▸ ASSIGNMENT:
For the material below, reproduce exactly each line from the one that has "Image Mineral-Vitamin-Super---Sapibagus---Ruminansia.jpg" through the one that has "2988 TARIM VE MÜHENDİSLİK", and no others; pictures stay out.

▸ GIVEN INFORMATION:

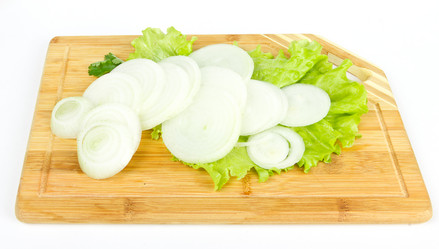 Similar image 7543822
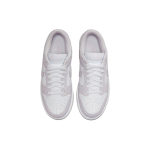 Nike Dunk "Light Violet"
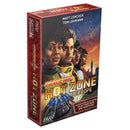Pandemic: Hot Zone Europe Board Games - New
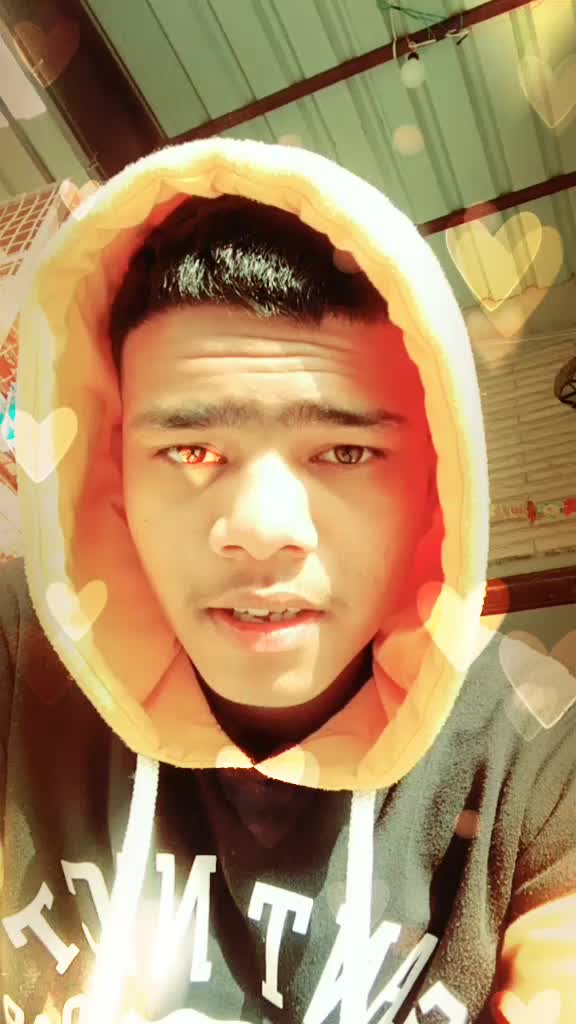 @user29110129769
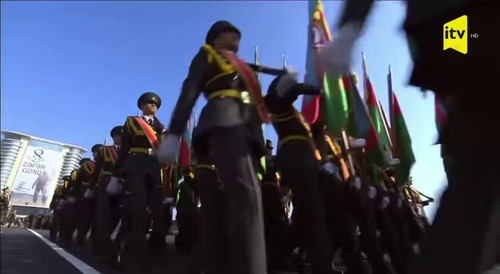 4zm S 5kG6q5rtWq.jpg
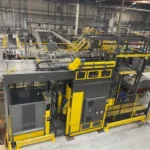 Complete Canning Line 18.000 cph — photo 7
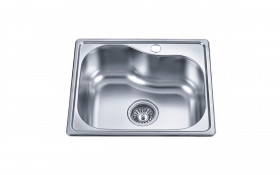 Built-in sink ICK 4740/4741 thumb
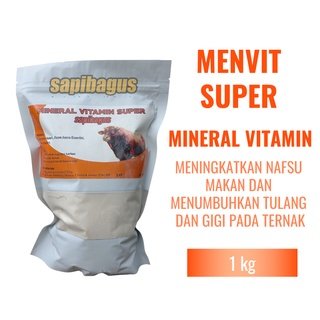 Image Mineral-Vitamin-Super---Sapibagus---Ruminansia.jpg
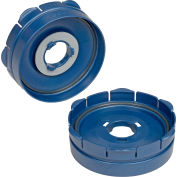 Moldex 7920 Piggyback Adapter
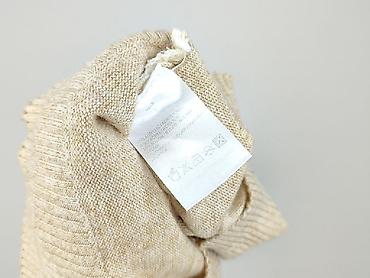 sweter damski l: Sweter damski, rozmiar L — 7
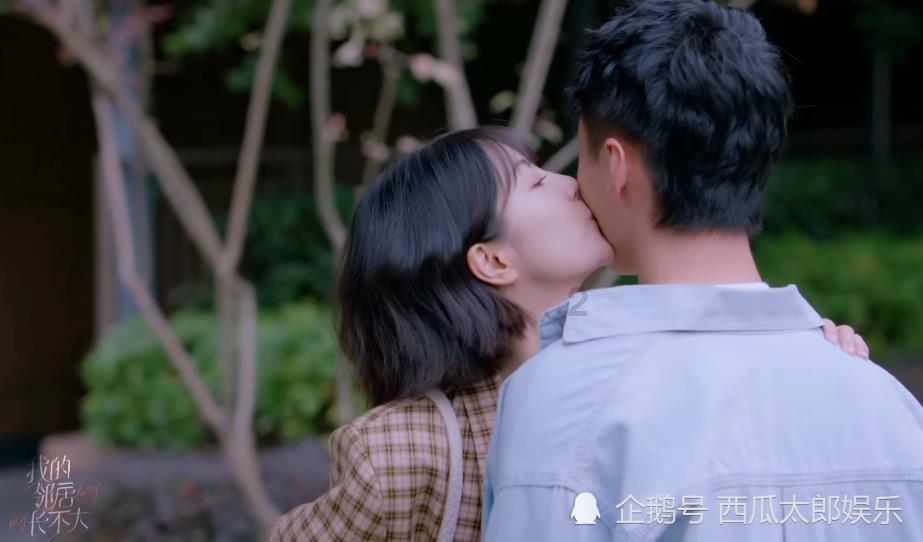 救援旅游者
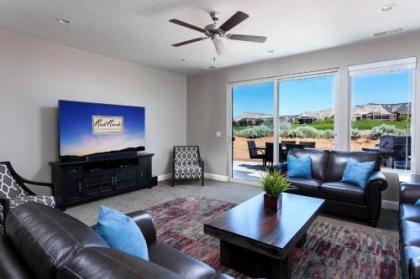 Apartment in Saint George Utah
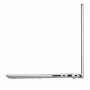 Dell Pro Essential PV14250 - Notebook - 14" - 1920 x 1200 LED - Intel Core 7 150U / 4.0 GHz - 16 GB - DDR5 SDRAM - 512 GB SSD - 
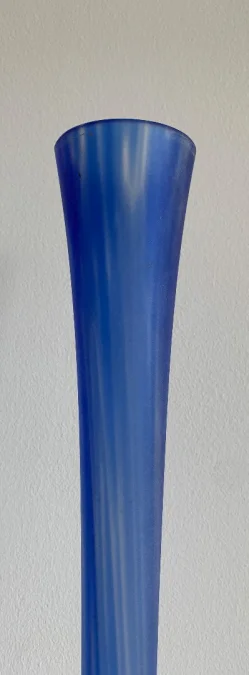 Objet 160265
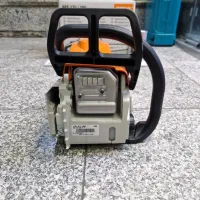 اره موتوری اره بنزینی اره شارژی اصلاح ابزار رسولی|ابزارآلات|بیرجند, |دیوار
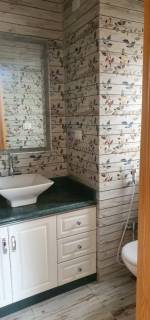 فيلا مستقله بحديقه للإيجار في بيفرلي هيلز الشيخ زا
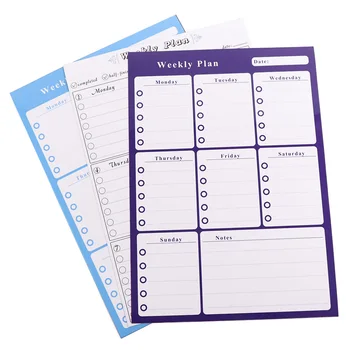 

A3 Magnetic White/black Board Schedule Erase Calendar Erasable Message Board Magnetic Refrigerator Stickers Soft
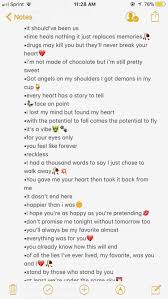 Instagram S Unkiised Pinterest Indiaaaliyah Instagram Captions Boyfriend Instagram Quotes Good Instagram Captions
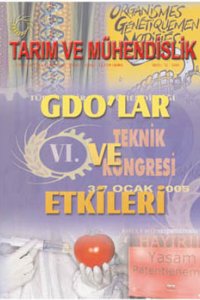 2988 TARIM VE MÜHENDİSLİK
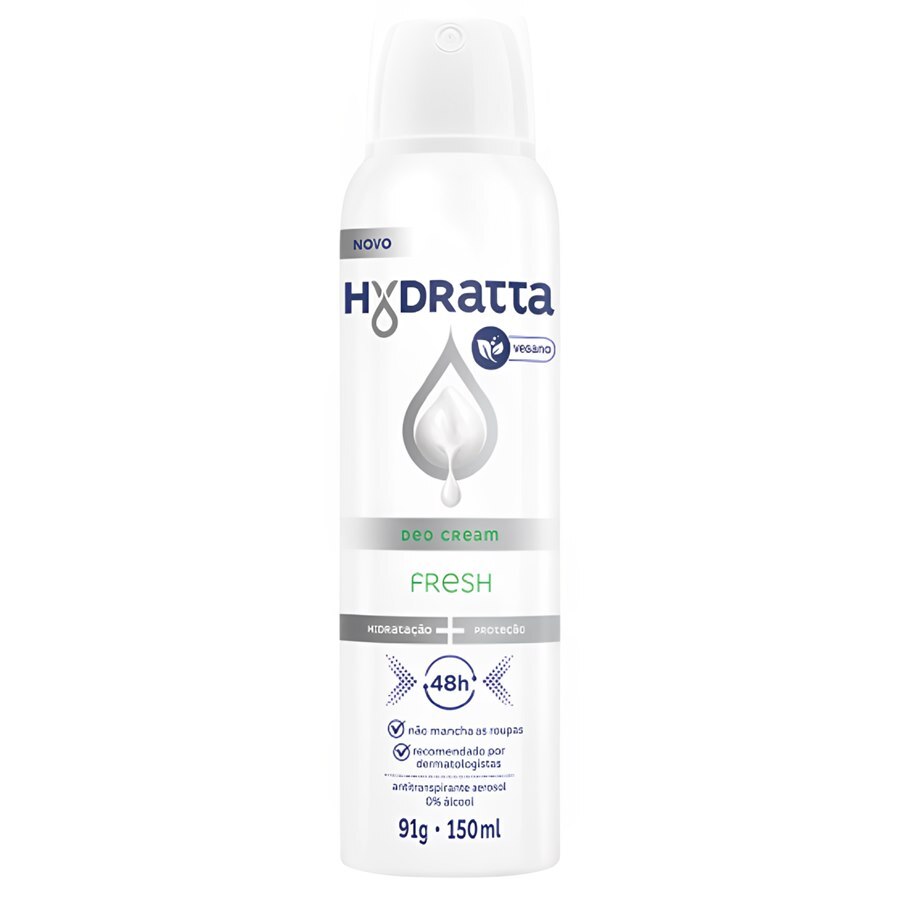 https://cdn.ultrafarma.com.br/static/produtos/828185/large-638630403446980270-828185.png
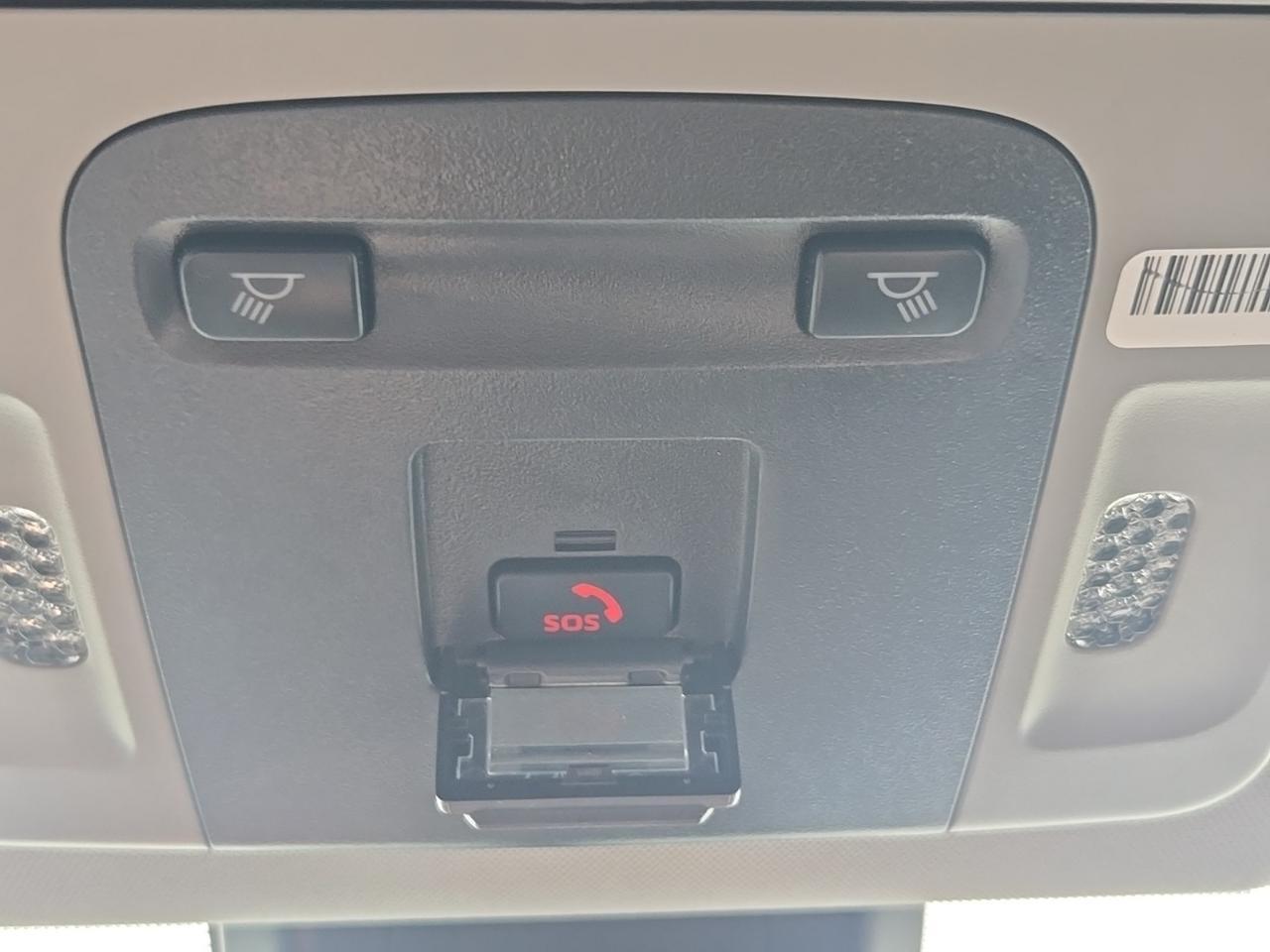2021 Toyota Camry Hybrid LE Fredericksburg VA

▸ OUTPUT OF THE TASK:
 Image Mineral-Vitamin-Super---Sapibagus---Ruminansia.jpg
 Moldex 7920 Piggyback Adapter
 sweter damski l: Sweter damski, rozmiar L — 7
 救援旅游者
 Apartment in Saint George Utah
 Dell Pro Essential PV14250 - Notebook - 14" - 1920 x 1200 LED - Intel Core 7 150U / 4.0 GHz - 16 GB - DDR5 SDRAM - 512 GB SSD - 
 Objet 160265
 اره موتوری اره بنزینی اره شارژی اصلاح ابزار رسولی|ابزارآلات|بیرجند, |دیوار
 فيلا مستقله بحديقه للإيجار في بيفرلي هيلز الشيخ زا

A3 Magnetic White/black Board Schedule Erase Calendar Erasable Message Board Magnetic Refrigerator Stickers Soft
 Instagram S Unkiised Pinterest Indiaaaliyah Instagram Captions Boyfriend Instagram Quotes Good Instagram Captions
 2988 TARIM VE MÜHENDİSLİK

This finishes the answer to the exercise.